Java Program to Implement Graham Scan Algorithm to Find the Convex Hull
http://www.dcs.gla.ac.uk/~pat/52233/slides/Hull1x1.pdf

http://yuanhsh.iteye.com/blog/2194148
Convex hull: the smallest polygon that covers all the points in the given set.

//find the point with the lowest y
int oIndex = 0;
for (int i = 1; i < points.size(); i++) {
if (points.get(i).y < points.get(oIndex).y)
oIndex = i;
}
//remove the origin points and put it into the stack
final Point origin = points.get(oIndex);
points.remove(oIndex);
//stack that we use to iterate through the
Stack<Point> hullStack = new Stack<Point>();
hullStack.push(origin); //put origin point in stack
//sort the points according to their polarity relative to origin
Collections.sort(points, new Comparator<Point>() {
@Override
public int compare(Point p1, Point p2) {
float polar1 = getPolar(origin, p1);
float polar2 = getPolar(origin, p2);
if (polar1 > polar2)
return -1;
else if (polar1 < polar2)
return 1;
return 0;
}
});
//add origin to as the last element
points.add(origin);
for (Point p : points) {
Point pre = hullStack.pop();
while(!hullStack.isEmpty() && !isLeftTurn(hullStack.peek(), pre, p)) {
pre = hullStack.pop();//discard the pre and take new top of the stack as pre
}
hullStack.push(pre);
hullStack.push(p);
}
//remove the duplicate origin
hullStack.pop();
while(!hullStack.isEmpty()) {
result.add(hullStack.pop());
}
private static float getPolar(Point start, Point end) {
//get the cosin between end and start
float r = ((end.x - start.x)*(end.x - start.x) + (end.y - start.y)*(end.y - start.y));
return (float) ((end.x - start.x)/Math.pow(r, 0.5));
}
private static boolean isLeftTurn(Point a, Point b, Point c) {
if ((c.y - a.y)/(c.x - a.x) > (b.y - a.y)/(b.x - a.x))
return true;
return false;
}

Two things need to pay attention:
1. the original point is the one with the lowest y coordinate. So all the other point was above it.

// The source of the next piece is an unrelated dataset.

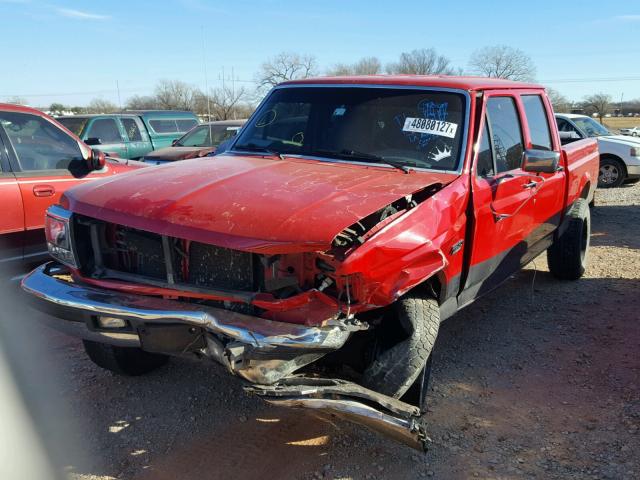 1FTHW26F0TEB04956 - 1996 FORD F250 RED photo 2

We want the points to be sorted according to the polar angle relative to the original point, in the order of counterclockwise. So we should use cosin which on the uppper part of coordinate system, decrease in the order of counterclock direction.

2. To find out whether we make a left (counter clock wise) turn in a three point a->b->c, there is a simple way. We should check if (c.y – a.y)*(b.x – a.x) – (b.y – a.y)*(c.x – a.x). If it is equals to 0, then a, b and c are on the same line. if positive, it is making a left turn, otherwise it is making a right turn.